Now I’m gonna be brutally honest and say they don’t have good Asian food where my partner lives—there are a couple of nice mom-and-pop restaurants but everything else is mediocre.

My partner’s best friend—Imma call him Tom for privacy reasons—loves fried rice.

But he only eats bland fried rice from the Chinese-American fast food restaurant inside the mall. I ate it myself and it was OK but was really lacking in flavor. We were hanging out in a group and I said that I could cook better fried rice, and he said bet, so I said I’ll cook it next time I’m in town.

Last month, I visited my partner in his state again, and keeping my word, I decided to cook some fried rice for everyone, but also specifically with Tom in mind because I know he loves it. (by the way, my cooking isn’t even that great, the bar for Asian food is just on the ground where they live)

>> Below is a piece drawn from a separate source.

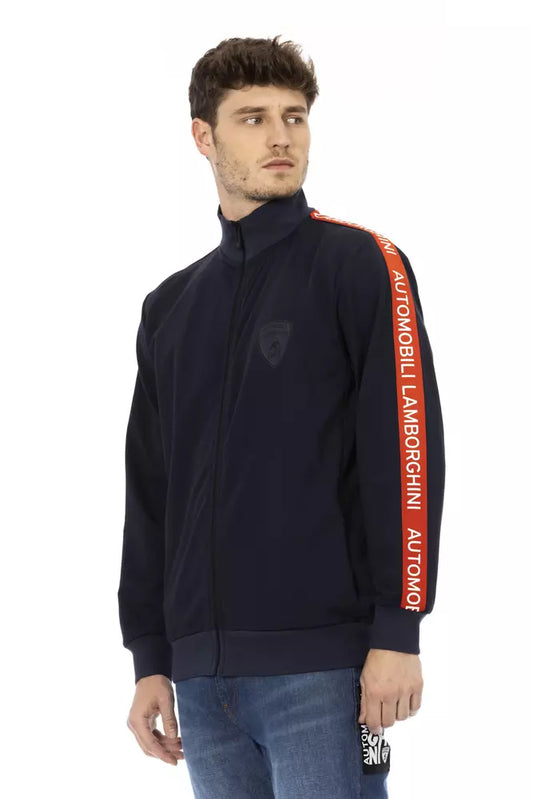 Automobili Lamborghini Blå Polyester Herregenser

I drop it off at Tom’s workplace (with my partner, who’s driving me around). Tom tells us later that he loves the fried rice and asks me to make some more for him. Sounds good, I make another batch a few days later.

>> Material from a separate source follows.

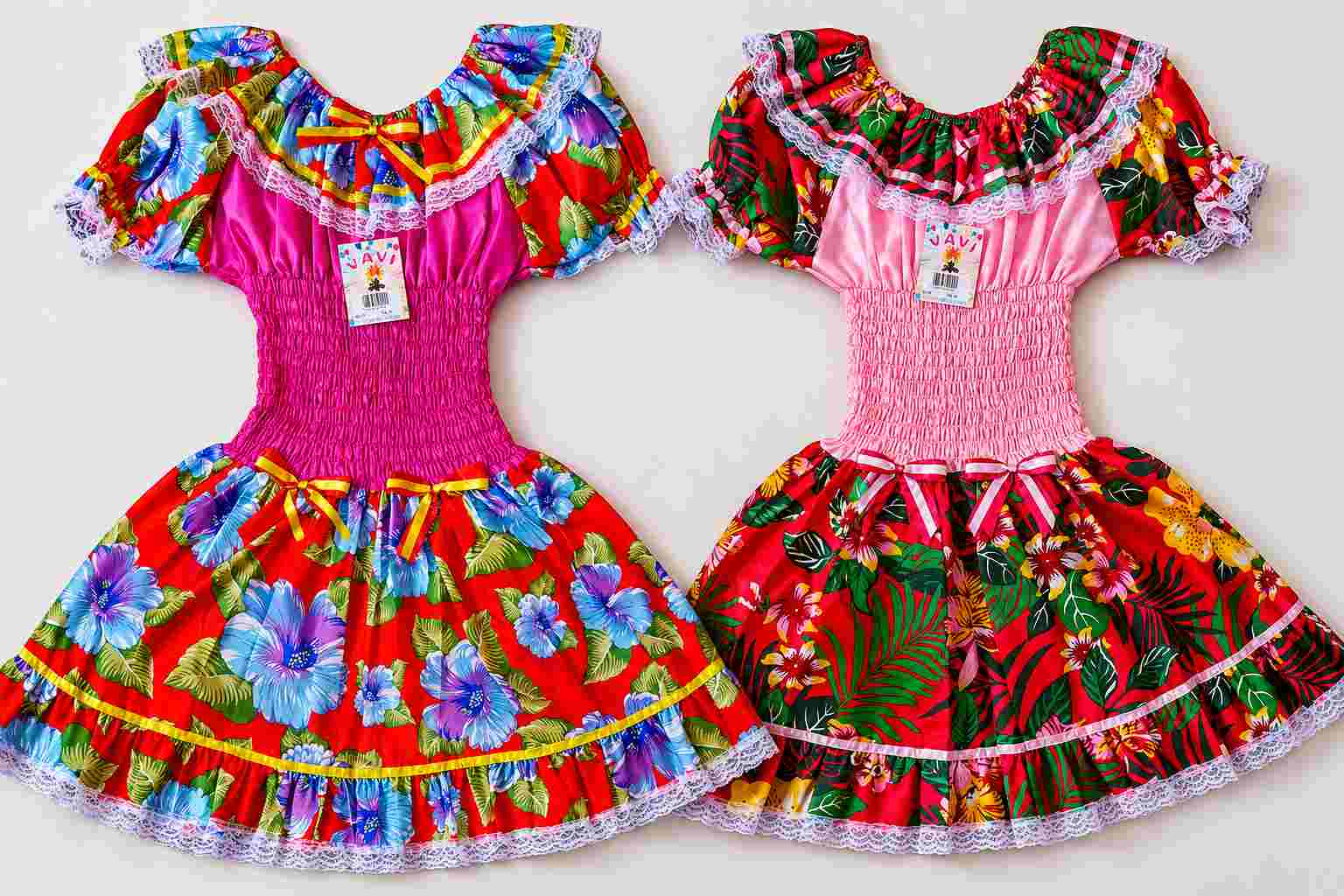 VESTIDO JUNINO C/LASTEX ADULTO REF 601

Near the end of my trip, I’m hanging out with my partner, Tom, Tom’s partner, and a bunch of other friends. At some point in the night, Tom’s partner—I’ll call her Lisa—confronts me about how she doesn’t appreciate that I was cooking for her partner and dropping it off at his workplace.

I’ve met Lisa before, she was always really nice and chill and I felt like I hit it off with her, so I was seriously taken aback by this. I told her that I remember Tom really liked fried rice so I wanted to make some, and that we dropped it off at his workplace because we were already running errands around the area.

She tells me it’s ‘sweet’ but that I shouldn’t be meddling with another girl’s partner.

I said ‘Wait what?’ and then explained that I wasn’t trying to meddle or do literally anything at all besides share fried rice. I didn’t even give the food exclusively to Tom, I shared it with like 6 different people, including Lisa.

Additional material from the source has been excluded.